The news comes after charter schools, school choice advocates and two U.S. congressmen complained that charter schools had been treated unfairly by the IDOE in this year’s distribution of Title I money. Under the distribution, several charters lost considerably more than their counterparts at traditional public schools.
State Superintendent of Public Instruction Glenda Ritz was accused of favoring traditional public schools over charters after the IDOE reduced the federal aid meant to boost achievement for poor students.
IDOE spokesman Daniel Altman said the state agency would “gladly” comply with the U.S. Department of Education’s guidance.
“We want every school to be funded equitably,” Altman said. “We’re obviously going to make sure the schools get the money they were supposed to get.”

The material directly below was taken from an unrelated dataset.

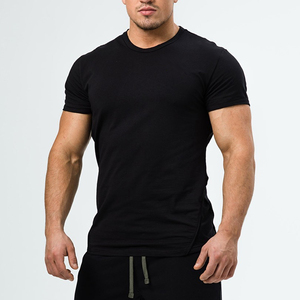 T-shirts Homme Manches Courtes en Coton Pur 230 g/m² Surdimensionnés et Lourds, Personnalisables, Imprimés, Tendance Décontractée, Vente en Gros - Product Image 2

Federal rules say that state education agencies are required to give districts and charter schools at least 85 percent of their previous year’s allotment of federal Title I money in order to keep programs consistent.
But data from the Indiana State Charter School Board showed that 47 percent of charter schools received Title I allocations that declined by more than 15 percent. Fewer than 1 percent of traditional school districts received such a decrease, according to an email sent Thursday morning from federal officials to the IDOE.
In the email, federal education officials told IDOE that “corrective action … will likely be required.” The U.S. DOE did not immediately respond to IBJ’s request for comment.
“The statute and regulations make no distinction” between regular school districts and charter schools, Monique Chism, the federal director of the Office of State Support, told the IDOE in the email. She wrote that IDOE “circumvented the protection provided by the hold-harmless provisions” for charter schools in the Elementary and Secondary Education Act.
On Friday afternoon, the IDOE released a statement that it was seeking more federal guidance on how to distribute the funds. Previously, the state agency had attributed the drops to incorrect paperwork submitted by charter schools. Altman said that caused part of the confusion.